In the data below, find every line with the word "responding" and copy it out.

*** Task material ***

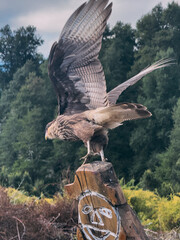 A bird is perched on a wooden post with a face drawn on it. The bird is looking down at the ground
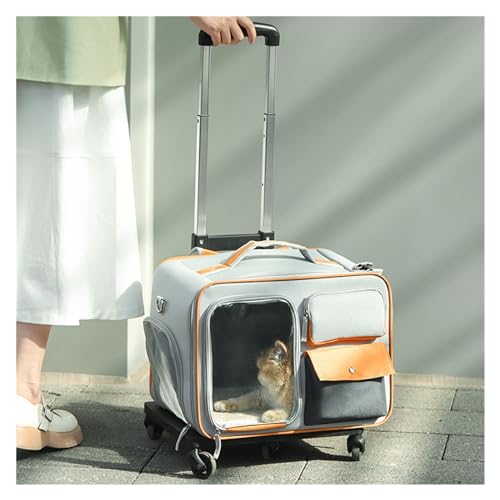 Transportbox für Haustiere auf Rädern Haustier-Trolley mit Rollen, tragbare Haustiertasche for unterwegs, Haustiergepäck, rollende Katzentrage-Reisetasche mit Teleskopgriff for Spaziergänge beim Tiera von LIBANGRONG-888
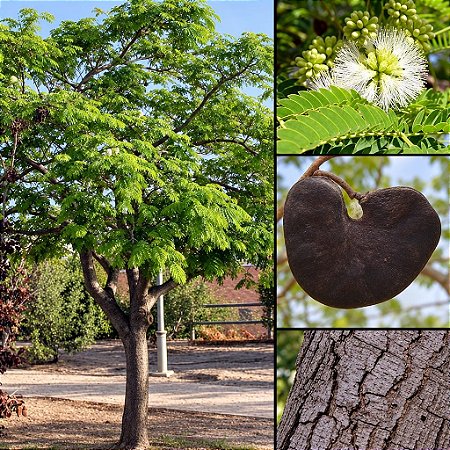 Orelha de Macaco (Enterolobium contortisiliquum): 5 Sementes
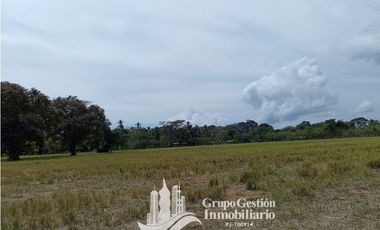 Venta finca 30 hectareas Palmar Puerto Armuelles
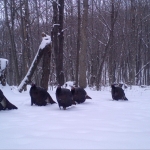 Turkeys walking in the snow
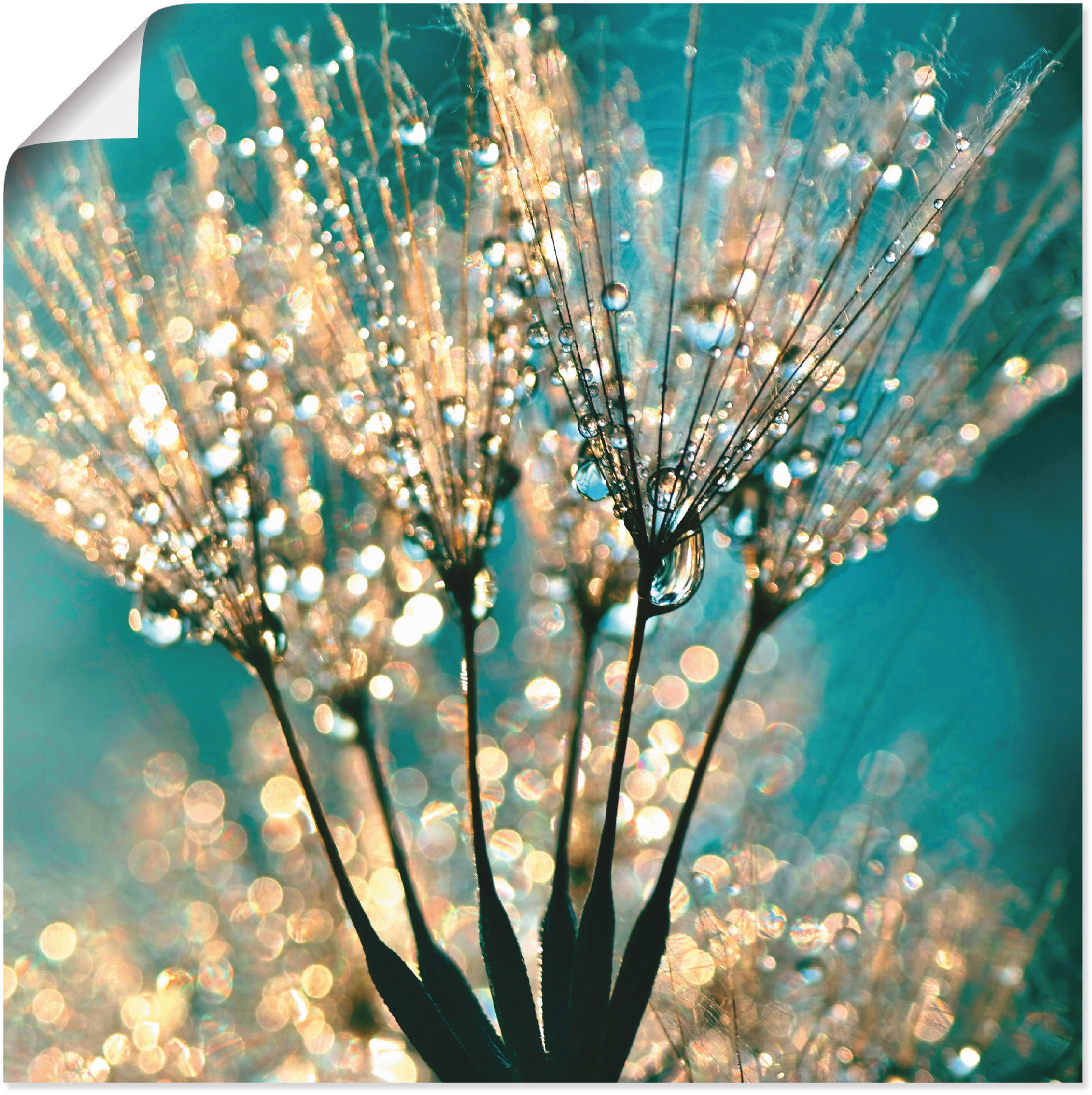 Artland Wandbild "Pusteblume Schirmchen abstrakt" Blumen 1 Stk. tlg. als Leinwandbild, Poster in verschied. Größen
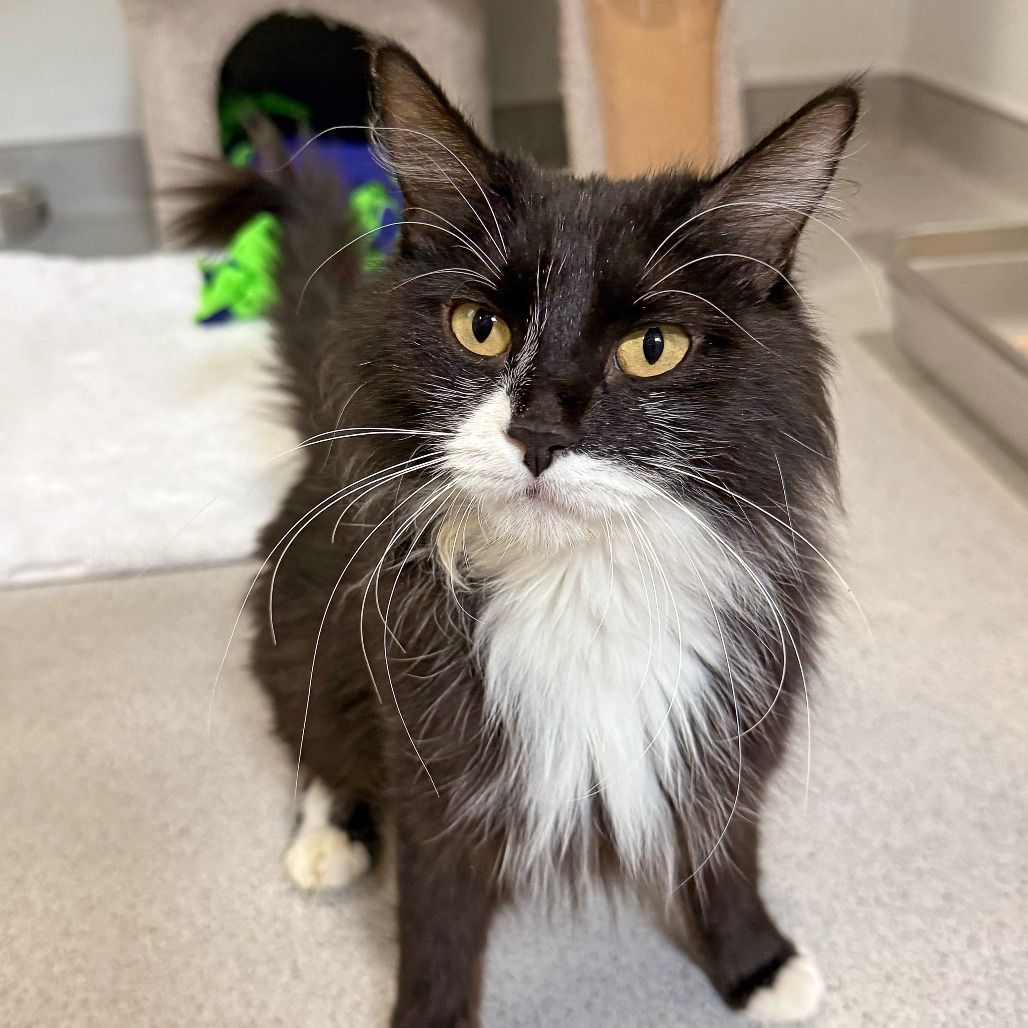 Hello my name is Bernadine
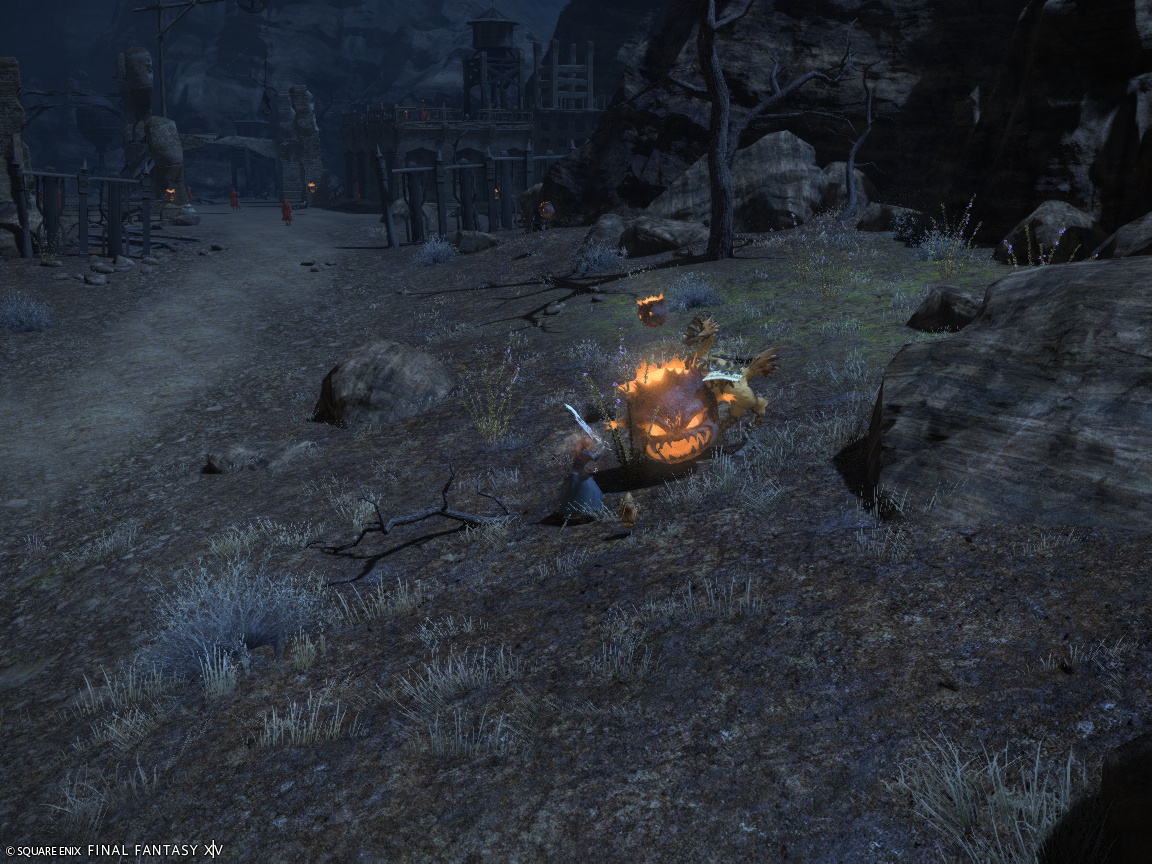 ffxiv_20240910_175315_031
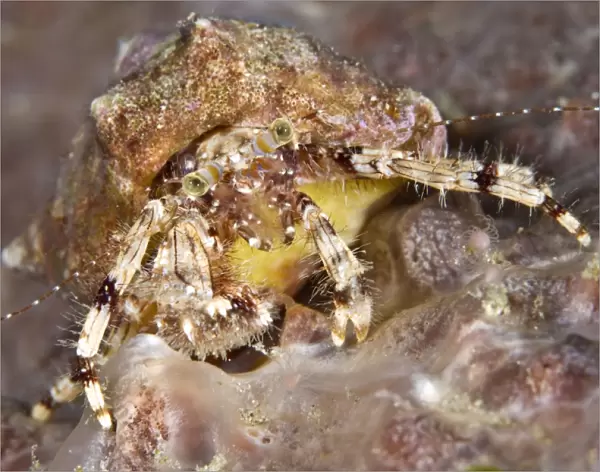 Hermit Crab - Indonesia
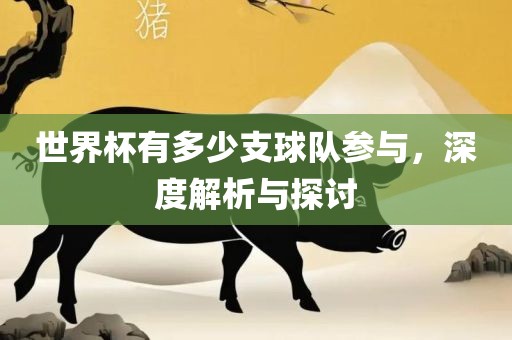 世界杯有多少支球队参与，深度解析与探讨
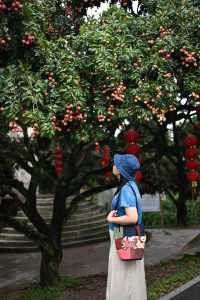 古村、紅荔、老碉樓——瓜嶺村的治癒系漫遊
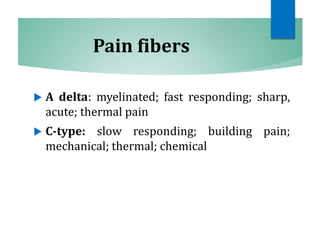Pain fibers
 A delta: myelinated; fast responding; sharp,
acute; thermal pain
 C-type: slow responding; building pain;
mechanical; thermal; chemical
 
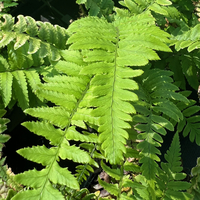 Dryopteris atrata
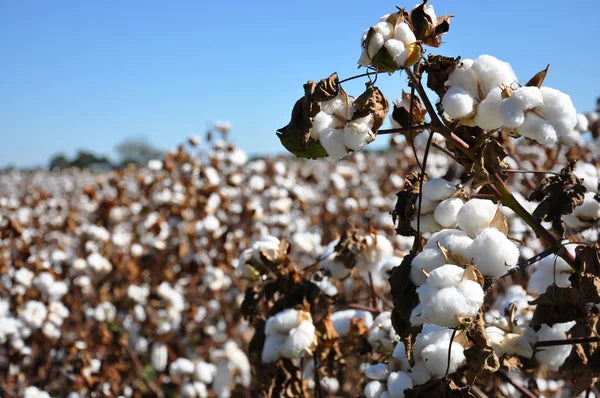 Is Cotton Really the Most Toxic and Least Sustainable Fabric?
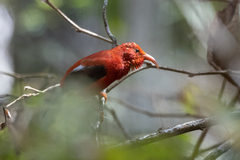 Drepanis coccinea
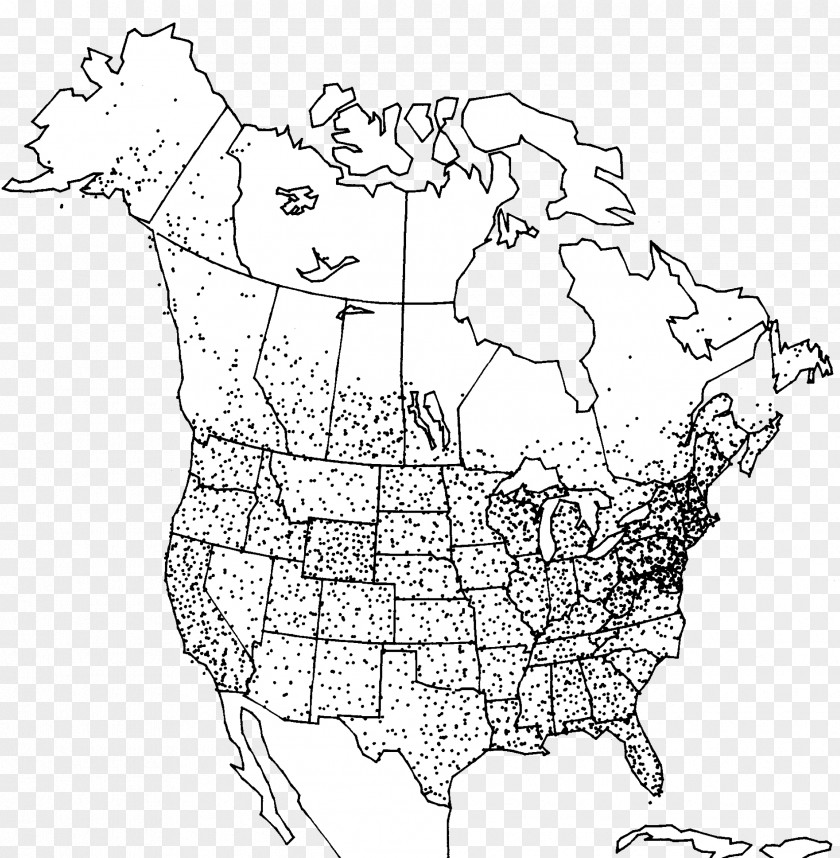 Yucca Aloifolia East Coast Of The United States /m/02csf Drawing Line Art PNG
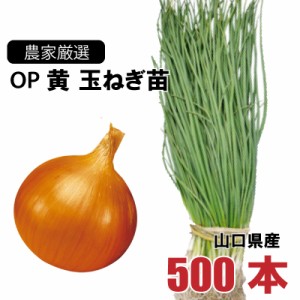 玉ねぎ苗 中生 OP黄 500本束 山口県産  野菜苗 家庭菜園 ガーデニング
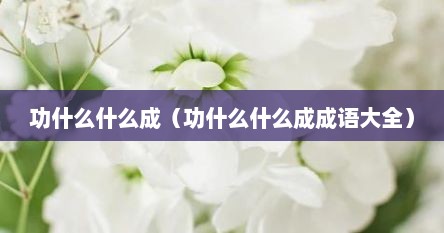 功什么什么成（功什么什么成成语大全）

*** End of Task material ***

● Result for this task:
 A delta: myelinated; fast responding; sharp,
 C-type: slow responding; building pain;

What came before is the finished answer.